The crystallised ability measures (GIT, Mill Hill Vocabulary test and NART) were standardised by computing study-specific z-scores to take into account protocol variability. For each cohort, fluid ability was derived by performing factor analysis on the three fluid cognition measures in CaPS (Animal naming, AH4 and reaction time), LASA (Coding Task, RCPM and verbal memory), NCDS (Animal naming, letter cancellation and immediate memory), NSHD (Reaction time, verbal memory and letter cancellation) and WHII (Animal naming, AH4 and verbal memory). The factor analysis resulted in standardised fluid ability outcome measures (mean 0 and standard deviation 1). In the factor analysis we specified that the principle component factor method be used so that communalities are assumed to be 1.

We used linear regression models to analyse crystallised ability and fluid ability. We chose potential confounders for the analysis from the literature (age64, sex64, adiposity64, smoking status65 and socioeconomic position66). We adjusted the final multivariable model for age, sex, body mass index (BMI) (Kg/m2), smoking status (never, past or current) and socioeconomic position (higher, lower).

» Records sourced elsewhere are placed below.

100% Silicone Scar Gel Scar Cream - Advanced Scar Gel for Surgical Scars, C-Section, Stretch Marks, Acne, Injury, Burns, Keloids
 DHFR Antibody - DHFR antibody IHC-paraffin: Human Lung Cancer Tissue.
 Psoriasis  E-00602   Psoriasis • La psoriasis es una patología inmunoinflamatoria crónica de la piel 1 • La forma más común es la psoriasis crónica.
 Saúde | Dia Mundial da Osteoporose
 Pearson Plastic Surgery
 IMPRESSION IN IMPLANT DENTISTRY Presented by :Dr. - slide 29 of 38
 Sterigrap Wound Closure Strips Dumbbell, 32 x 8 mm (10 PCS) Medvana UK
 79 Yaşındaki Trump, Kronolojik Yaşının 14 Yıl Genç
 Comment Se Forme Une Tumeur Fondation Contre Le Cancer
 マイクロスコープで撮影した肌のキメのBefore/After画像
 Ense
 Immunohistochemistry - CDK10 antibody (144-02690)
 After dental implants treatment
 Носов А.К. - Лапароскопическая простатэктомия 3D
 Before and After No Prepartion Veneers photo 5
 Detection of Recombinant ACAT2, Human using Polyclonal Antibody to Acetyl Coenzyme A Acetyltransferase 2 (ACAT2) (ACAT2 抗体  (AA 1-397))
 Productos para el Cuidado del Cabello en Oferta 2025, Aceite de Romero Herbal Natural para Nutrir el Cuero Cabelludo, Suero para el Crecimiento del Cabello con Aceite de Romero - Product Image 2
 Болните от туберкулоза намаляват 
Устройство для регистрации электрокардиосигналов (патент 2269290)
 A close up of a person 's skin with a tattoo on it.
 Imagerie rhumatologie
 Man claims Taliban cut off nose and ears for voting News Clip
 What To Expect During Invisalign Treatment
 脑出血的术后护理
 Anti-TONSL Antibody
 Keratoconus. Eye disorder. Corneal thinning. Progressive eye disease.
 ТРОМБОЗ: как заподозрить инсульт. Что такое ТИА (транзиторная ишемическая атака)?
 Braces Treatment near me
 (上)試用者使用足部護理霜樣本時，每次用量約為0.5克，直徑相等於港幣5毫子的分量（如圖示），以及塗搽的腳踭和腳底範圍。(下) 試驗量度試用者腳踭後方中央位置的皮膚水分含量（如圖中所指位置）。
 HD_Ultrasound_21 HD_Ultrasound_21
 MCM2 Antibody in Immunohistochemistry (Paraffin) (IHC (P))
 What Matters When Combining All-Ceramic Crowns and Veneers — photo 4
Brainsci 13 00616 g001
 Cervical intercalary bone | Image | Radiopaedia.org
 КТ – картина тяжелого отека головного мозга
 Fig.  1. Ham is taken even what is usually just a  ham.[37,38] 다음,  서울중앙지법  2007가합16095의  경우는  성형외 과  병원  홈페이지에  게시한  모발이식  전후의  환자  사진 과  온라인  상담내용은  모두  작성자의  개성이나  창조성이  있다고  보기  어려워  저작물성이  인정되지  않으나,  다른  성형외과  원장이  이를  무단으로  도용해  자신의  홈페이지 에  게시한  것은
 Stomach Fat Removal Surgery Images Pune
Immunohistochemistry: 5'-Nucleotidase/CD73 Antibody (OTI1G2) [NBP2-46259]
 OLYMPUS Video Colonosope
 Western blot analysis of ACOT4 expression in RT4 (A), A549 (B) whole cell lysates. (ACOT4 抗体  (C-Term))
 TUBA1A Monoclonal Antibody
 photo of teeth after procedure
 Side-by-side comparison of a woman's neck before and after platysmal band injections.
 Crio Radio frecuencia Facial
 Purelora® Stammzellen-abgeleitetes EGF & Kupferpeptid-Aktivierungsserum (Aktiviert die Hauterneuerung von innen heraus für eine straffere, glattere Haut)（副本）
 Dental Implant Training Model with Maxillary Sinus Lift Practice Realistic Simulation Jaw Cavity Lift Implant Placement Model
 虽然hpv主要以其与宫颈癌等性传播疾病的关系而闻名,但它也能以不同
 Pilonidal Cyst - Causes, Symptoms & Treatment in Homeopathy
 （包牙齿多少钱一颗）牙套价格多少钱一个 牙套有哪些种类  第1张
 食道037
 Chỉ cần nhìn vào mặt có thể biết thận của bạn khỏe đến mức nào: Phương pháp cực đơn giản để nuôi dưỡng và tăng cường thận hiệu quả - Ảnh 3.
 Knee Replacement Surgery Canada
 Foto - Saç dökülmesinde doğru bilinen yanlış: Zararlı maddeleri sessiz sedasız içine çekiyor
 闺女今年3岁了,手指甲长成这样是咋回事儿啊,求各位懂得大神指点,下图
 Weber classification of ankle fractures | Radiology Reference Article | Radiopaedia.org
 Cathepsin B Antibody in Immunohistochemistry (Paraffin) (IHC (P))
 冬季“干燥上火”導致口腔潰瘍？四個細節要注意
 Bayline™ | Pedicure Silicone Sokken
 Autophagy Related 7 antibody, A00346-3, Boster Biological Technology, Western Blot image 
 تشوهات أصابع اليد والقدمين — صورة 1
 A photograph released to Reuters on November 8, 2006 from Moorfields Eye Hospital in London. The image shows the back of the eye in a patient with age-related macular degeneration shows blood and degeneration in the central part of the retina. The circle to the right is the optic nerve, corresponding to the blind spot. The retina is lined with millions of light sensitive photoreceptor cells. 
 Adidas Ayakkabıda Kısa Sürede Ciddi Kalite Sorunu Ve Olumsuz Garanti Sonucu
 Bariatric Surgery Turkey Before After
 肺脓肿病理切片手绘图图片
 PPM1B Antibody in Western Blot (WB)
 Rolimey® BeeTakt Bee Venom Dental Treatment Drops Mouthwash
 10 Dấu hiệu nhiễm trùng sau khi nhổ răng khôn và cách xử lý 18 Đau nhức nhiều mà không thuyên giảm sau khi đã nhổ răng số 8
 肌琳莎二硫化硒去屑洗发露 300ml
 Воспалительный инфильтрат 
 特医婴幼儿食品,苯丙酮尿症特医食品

We undertook a two stage meta-analysis of individual participant data with each model initially run within each cohort (the first stage) for CaPS, LASA, NSHD and WHII. The cohort- specific effect estimates and standard errors were then pooled by running random-effects meta-analysis using the DerSimonian and Laird method67. For the second stage, the co-authors from NCDS completed a standardised table with specific effect estimates and standard errors. We initially adjusted these analyses for age and sex and then additionally for BMI, smoking status and SEP as potential covariates that may confound the association. We investigated between study heterogeneity using I2 statistic68. We examined potential sources of heterogeneity for age (above versus below median age), sex, adiposity (BMI at ≥30Kg/m2 versus <30Kg/m2 for obese and non-obese participants), smoking status (current smoker versus non-smoker) and SEP (higher versus lower SEP) by stratifying random-effects meta-analyses by each of these factors and by running meta-regression analyses69. For meta-regression analyses, we used post-estimation Wald tests to obtain F ratios and p values.

Sensitivity analysis

We ran a fixed-effect meta-analysis using the Mantel-Haenszel method70 and compared the results with the random-effects meta-analysis. Due to differences in the methodology for calculating diurnal drop in NCDS, we repeated the meta-analysis for the associations between diurnal drop and fluid ability, but omitting the NCDS cohort data. Due to the difference of the measurements of cortisol in LASA (serum cortisol in LASA and salivary cortisol in the other cohorts), we repeated the meta-analyses for the associations between morning cortisol and i) crystallised ability and ii) fluid ability, but omitting the LASA cohort data. Since the DerSimonian-Laird estimator may underestimate the between-study heterogeneity71, we ran a Restricted Maximum Likelihood (REML) method and compared the results with the DerSimonian-Laird random-effects method.